A tip of the hat to Susan Robertson, who texted me yesterday afternoon to tell me to jump in my car and drive out to see Riverview Farm, on tour for the Garden Club of Virginia’s Historic Garden Week. At that moment, I was struggling with writing another Garden Week post, and it just wasn’t working. Happy for a diversion, I texted back, “yes ma’am” and took off. This post is a much too superficial and quick post about a fascinating, inspiring, beautiful and significant working farm along the James River.
The farm’s Greek-revival house was built in 1860 (the original home burned down) by John Pleasant Royall and his wife, Mary Howell Douthat. Above is the west facade, facing the river. Below is the east facade.
Looking east from the house is the largest Boxwood (below) I’ve ever seen.
I couldn’t believe this ginormous plant was born of one shrub, so I entered the Boxwood forest to check it out (below). It appears that it is, in fact, the outgrowth from one plant. Wow, what a time the Nordt kids must have playing beneath this canopy.
A Charles Gillette garden was installed along the riverfront in 1927.
A boxwood parterre and brick walkways are enclosed within a brick serpentine wall.
I ran into the Nordts while walking the grounds, and learned that Bill is crazy for trees. How lucky for Riverview Farm that he is!

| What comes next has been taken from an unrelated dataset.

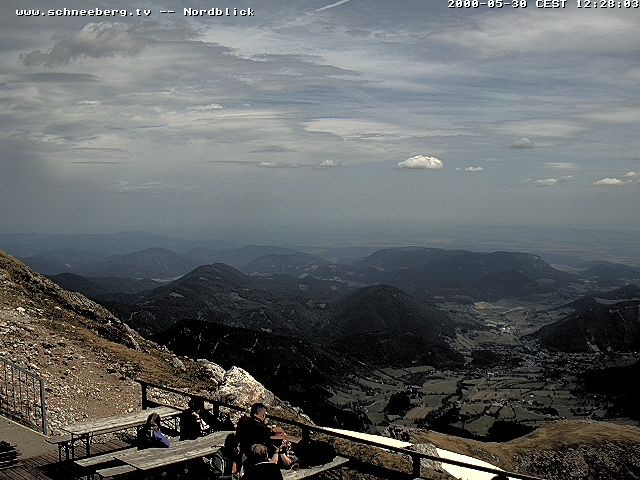 Archiv Foto Webcam Fischerhütte - Puchberg am Schneeberg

The property contains many old native specimens, such as the Yellowwood (Cladrastis kentukea), below.
The Nordts have planted more Yellowwood, as well as other native species, including Fringe Tree (Chionanthus virginicus) and River Birch (Betula nigra), below. He gets most of his trees from Bremo Trees, a fabulous nursery on another historic piece of land, further west along the James near Fork Union.
As Bill continues to populate his farm with native trees, the invasives that plague the Virginia landscape work hard to overtake the natives along the river bank. Below, Tree of Heaven (Ailanthus altisssima) and Multiflora Rose (Rosa multiflora) muscle their way onto the scene.
Both of those plants are in the Top 10 of invasive species that the James River Park Invasives Task Force, of which I’m a member, is working to control. For those interested in tackling the invasives in the park, many volunteer opportunities are posted on the brand-new website.
When the kids get tired of playing under the canopy of the Boxwood, they can climb into the canopy of this Green Ash (Fraxinus pennsylvanica) where the penultimate tree house awaits them.
During last year’s Garden Week, I did a blog post on Westover Plantation, and was struck by the Erda family’s connection to the land, the history, and the natural beauty surrounding them. As today’s kids suffer from a nature deficit, these kids spend their days exploring, discovering, soaking in beauty, and putting in good old fashioned labor.
I was reminded of this when reading the Nordt Family Farm website, in which Dianne Nordt writes, “So now I’m a weaver, living on a farm, raising kids and sheep. Together with my incredible husband, we manage an old house and a 400 acre farm on the banks of the James River in Charles City County, Virginia. I feel so fortunate to live my dream, to stay at home with my kids, and to practice the craft that I love to my core.”
About that weaving . . .
In Dianne’s words, “I appreciate a lifestyle that grounds me to home. My natural media, Merino wool and plant dyes, are nourished from the southern ground whose landscape inspires me. And my weaving mimics the pace of life here, slow and contemplative.”
Dianne found her passion for weaving while studying fashion design at VCU.How could the blankets Dianne weaves be anything but elegantly understated, when the sheep whose wool she shears live in a barn (above and below) which reflects that same aesthetic?
The Nordts tend a vegetable garden (below). Dianne uses plants grown on the farm to make the dyes for the wool.
The Nordts also grow soybeans, corn, cotton, wheat and hay. Below, Boston Ivy (Parthenocissus tricuspidata) climbs a silo.
A barrel catches rain water from the roof of the stables, below.
I left Riverview Farm grateful for the Nordt family’s devotion to preserving this historic sweep of land along the James. By nurturing the plants that have thrived there for centuries, planting to ensure the habitat continues to thrive in the future, continuing the centuries-old practice of farming the fields, and reinvigorating the time-honored craft of weaving hand-dyed wool, the Nordts are instilling in the next generation a love and respect for this increasingly fragile environment, and hopefully, a desire to pass it on to future generations of Virginians.